# [Record extracts]
* * * * * * * * *
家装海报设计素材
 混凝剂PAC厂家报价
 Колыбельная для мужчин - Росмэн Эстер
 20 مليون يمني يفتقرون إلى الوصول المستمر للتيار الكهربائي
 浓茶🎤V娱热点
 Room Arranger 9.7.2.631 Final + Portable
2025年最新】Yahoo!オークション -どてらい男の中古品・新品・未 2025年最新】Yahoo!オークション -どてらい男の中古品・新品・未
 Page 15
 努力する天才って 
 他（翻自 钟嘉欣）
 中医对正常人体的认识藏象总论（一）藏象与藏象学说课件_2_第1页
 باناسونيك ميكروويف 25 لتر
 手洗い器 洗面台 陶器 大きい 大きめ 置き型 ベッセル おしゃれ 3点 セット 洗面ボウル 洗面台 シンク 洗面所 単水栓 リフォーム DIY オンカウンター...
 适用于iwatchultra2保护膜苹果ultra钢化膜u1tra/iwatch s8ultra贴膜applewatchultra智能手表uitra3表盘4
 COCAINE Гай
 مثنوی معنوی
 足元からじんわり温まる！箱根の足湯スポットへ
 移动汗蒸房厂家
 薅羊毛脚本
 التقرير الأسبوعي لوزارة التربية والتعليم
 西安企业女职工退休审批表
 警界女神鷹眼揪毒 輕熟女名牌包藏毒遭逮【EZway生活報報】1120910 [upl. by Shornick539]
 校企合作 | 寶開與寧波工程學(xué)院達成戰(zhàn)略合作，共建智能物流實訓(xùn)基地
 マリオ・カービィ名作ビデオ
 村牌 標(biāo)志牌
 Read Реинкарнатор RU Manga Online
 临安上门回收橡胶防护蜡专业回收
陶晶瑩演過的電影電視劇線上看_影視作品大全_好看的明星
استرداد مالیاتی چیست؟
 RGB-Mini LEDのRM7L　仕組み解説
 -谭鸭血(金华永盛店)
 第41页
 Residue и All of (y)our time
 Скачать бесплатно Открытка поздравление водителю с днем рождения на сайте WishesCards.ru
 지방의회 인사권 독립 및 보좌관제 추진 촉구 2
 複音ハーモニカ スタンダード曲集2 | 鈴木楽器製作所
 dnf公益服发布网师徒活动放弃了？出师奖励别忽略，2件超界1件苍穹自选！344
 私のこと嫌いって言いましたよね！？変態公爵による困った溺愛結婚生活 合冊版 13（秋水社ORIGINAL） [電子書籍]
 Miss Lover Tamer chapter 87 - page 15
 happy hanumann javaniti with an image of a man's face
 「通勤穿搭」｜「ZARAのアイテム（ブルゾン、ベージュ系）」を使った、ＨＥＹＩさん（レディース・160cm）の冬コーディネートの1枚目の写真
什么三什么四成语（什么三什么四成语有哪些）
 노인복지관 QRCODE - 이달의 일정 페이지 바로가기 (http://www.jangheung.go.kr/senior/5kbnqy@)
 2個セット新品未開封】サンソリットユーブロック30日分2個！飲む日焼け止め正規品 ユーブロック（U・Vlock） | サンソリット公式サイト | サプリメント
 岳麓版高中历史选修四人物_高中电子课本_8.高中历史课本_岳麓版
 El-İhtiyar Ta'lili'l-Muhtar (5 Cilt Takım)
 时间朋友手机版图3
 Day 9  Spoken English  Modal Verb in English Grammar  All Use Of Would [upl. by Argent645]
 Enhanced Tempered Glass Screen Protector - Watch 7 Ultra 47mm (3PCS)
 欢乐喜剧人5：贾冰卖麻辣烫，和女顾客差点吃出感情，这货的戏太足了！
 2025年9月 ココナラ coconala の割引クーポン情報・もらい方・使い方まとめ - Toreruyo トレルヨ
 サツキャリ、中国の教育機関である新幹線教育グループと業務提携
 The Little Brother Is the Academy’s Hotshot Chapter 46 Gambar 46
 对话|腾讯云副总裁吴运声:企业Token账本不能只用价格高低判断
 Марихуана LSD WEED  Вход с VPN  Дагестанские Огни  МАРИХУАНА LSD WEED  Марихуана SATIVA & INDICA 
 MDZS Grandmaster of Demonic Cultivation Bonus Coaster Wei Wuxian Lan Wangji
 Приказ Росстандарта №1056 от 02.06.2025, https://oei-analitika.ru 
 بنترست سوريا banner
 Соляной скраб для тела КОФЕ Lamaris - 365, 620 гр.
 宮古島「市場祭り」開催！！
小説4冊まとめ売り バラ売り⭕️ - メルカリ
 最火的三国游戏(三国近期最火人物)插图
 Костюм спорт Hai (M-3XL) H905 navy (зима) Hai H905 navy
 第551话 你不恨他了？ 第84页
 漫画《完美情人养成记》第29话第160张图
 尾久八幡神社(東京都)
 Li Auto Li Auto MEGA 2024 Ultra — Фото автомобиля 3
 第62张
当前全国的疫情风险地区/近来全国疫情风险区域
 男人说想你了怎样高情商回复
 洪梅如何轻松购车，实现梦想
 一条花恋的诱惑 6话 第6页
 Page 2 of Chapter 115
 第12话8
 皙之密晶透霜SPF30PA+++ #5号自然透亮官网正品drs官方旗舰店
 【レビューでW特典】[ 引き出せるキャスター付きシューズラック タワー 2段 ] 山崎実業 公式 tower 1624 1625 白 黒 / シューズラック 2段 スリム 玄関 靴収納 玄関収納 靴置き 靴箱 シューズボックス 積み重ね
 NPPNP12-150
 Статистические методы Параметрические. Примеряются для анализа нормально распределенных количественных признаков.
* * * * * * * * *
# [Task to carry out]
Please return the entire listing, unchanged.

# [Written answer]
家装海报设计素材
 混凝剂PAC厂家报价
 Колыбельная для мужчин - Росмэн Эстер
 20 مليون يمني يفتقرون إلى الوصول المستمر للتيار الكهربائي
 浓茶🎤V娱热点
 Room Arranger 9.7.2.631 Final + Portable
2025年最新】Yahoo!オークション -どてらい男の中古品・新品・未 2025年最新】Yahoo!オークション -どてらい男の中古品・新品・未
 Page 15
 努力する天才って 
 他（翻自 钟嘉欣）
 中医对正常人体的认识藏象总论（一）藏象与藏象学说课件_2_第1页
 باناسونيك ميكروويف 25 لتر
 手洗い器 洗面台 陶器 大きい 大きめ 置き型 ベッセル おしゃれ 3点 セット 洗面ボウル 洗面台 シンク 洗面所 単水栓 リフォーム DIY オンカウンター...
 适用于iwatchultra2保护膜苹果ultra钢化膜u1tra/iwatch s8ultra贴膜applewatchultra智能手表uitra3表盘4
 COCAINE Гай
 مثنوی معنوی
 足元からじんわり温まる！箱根の足湯スポットへ
 移动汗蒸房厂家
 薅羊毛脚本
 التقرير الأسبوعي لوزارة التربية والتعليم
 西安企业女职工退休审批表
 警界女神鷹眼揪毒 輕熟女名牌包藏毒遭逮【EZway生活報報】1120910 [upl. by Shornick539]
 校企合作 | 寶開與寧波工程學(xué)院達成戰(zhàn)略合作，共建智能物流實訓(xùn)基地
 マリオ・カービィ名作ビデオ
 村牌 標(biāo)志牌
 Read Реинкарнатор RU Manga Online
 临安上门回收橡胶防护蜡专业回收
陶晶瑩演過的電影電視劇線上看_影視作品大全_好看的明星
استرداد مالیاتی چیست؟
 RGB-Mini LEDのRM7L　仕組み解説
 -谭鸭血(金华永盛店)
 第41页
 Residue и All of (y)our time
 Скачать бесплатно Открытка поздравление водителю с днем рождения на сайте WishesCards.ru
 지방의회 인사권 독립 및 보좌관제 추진 촉구 2
 複音ハーモニカ スタンダード曲集2 | 鈴木楽器製作所
 dnf公益服发布网师徒活动放弃了？出师奖励别忽略，2件超界1件苍穹自选！344
 私のこと嫌いって言いましたよね！？変態公爵による困った溺愛結婚生活 合冊版 13（秋水社ORIGINAL） [電子書籍]
 Miss Lover Tamer chapter 87 - page 15
 happy hanumann javaniti with an image of a man's face
 「通勤穿搭」｜「ZARAのアイテム（ブルゾン、ベージュ系）」を使った、ＨＥＹＩさん（レディース・160cm）の冬コーディネートの1枚目の写真
什么三什么四成语（什么三什么四成语有哪些）
 노인복지관 QRCODE - 이달의 일정 페이지 바로가기 (http://www.jangheung.go.kr/senior/5kbnqy@)
 2個セット新品未開封】サンソリットユーブロック30日分2個！飲む日焼け止め正規品 ユーブロック（U・Vlock） | サンソリット公式サイト | サプリメント
 岳麓版高中历史选修四人物_高中电子课本_8.高中历史课本_岳麓版
 El-İhtiyar Ta'lili'l-Muhtar (5 Cilt Takım)
 时间朋友手机版图3
 Day 9  Spoken English  Modal Verb in English Grammar  All Use Of Would [upl. by Argent645]
 Enhanced Tempered Glass Screen Protector - Watch 7 Ultra 47mm (3PCS)
 欢乐喜剧人5：贾冰卖麻辣烫，和女顾客差点吃出感情，这货的戏太足了！
 2025年9月 ココナラ coconala の割引クーポン情報・もらい方・使い方まとめ - Toreruyo トレルヨ
 サツキャリ、中国の教育機関である新幹線教育グループと業務提携
 The Little Brother Is the Academy’s Hotshot Chapter 46 Gambar 46
 对话|腾讯云副总裁吴运声:企业Token账本不能只用价格高低判断
 Марихуана LSD WEED  Вход с VPN  Дагестанские Огни  МАРИХУАНА LSD WEED  Марихуана SATIVA & INDICA 
 MDZS Grandmaster of Demonic Cultivation Bonus Coaster Wei Wuxian Lan Wangji
 Приказ Росстандарта №1056 от 02.06.2025, https://oei-analitika.ru 
 بنترست سوريا banner
 Соляной скраб для тела КОФЕ Lamaris - 365, 620 гр.
 宮古島「市場祭り」開催！！
小説4冊まとめ売り バラ売り⭕️ - メルカリ
 最火的三国游戏(三国近期最火人物)插图
 Костюм спорт Hai (M-3XL) H905 navy (зима) Hai H905 navy
 第551话 你不恨他了？ 第84页
 漫画《完美情人养成记》第29话第160张图
 尾久八幡神社(東京都)
 Li Auto Li Auto MEGA 2024 Ultra — Фото автомобиля 3
 第62张
当前全国的疫情风险地区/近来全国疫情风险区域
 男人说想你了怎样高情商回复
 洪梅如何轻松购车，实现梦想
 一条花恋的诱惑 6话 第6页
 Page 2 of Chapter 115
 第12话8
 皙之密晶透霜SPF30PA+++ #5号自然透亮官网正品drs官方旗舰店
 【レビューでW特典】[ 引き出せるキャスター付きシューズラック タワー 2段 ] 山崎実業 公式 tower 1624 1625 白 黒 / シューズラック 2段 スリム 玄関 靴収納 玄関収納 靴置き 靴箱 シューズボックス 積み重ね
 NPPNP12-150
 Статистические методы Параметрические. Примеряются для анализа нормально распределенных количественных признаков.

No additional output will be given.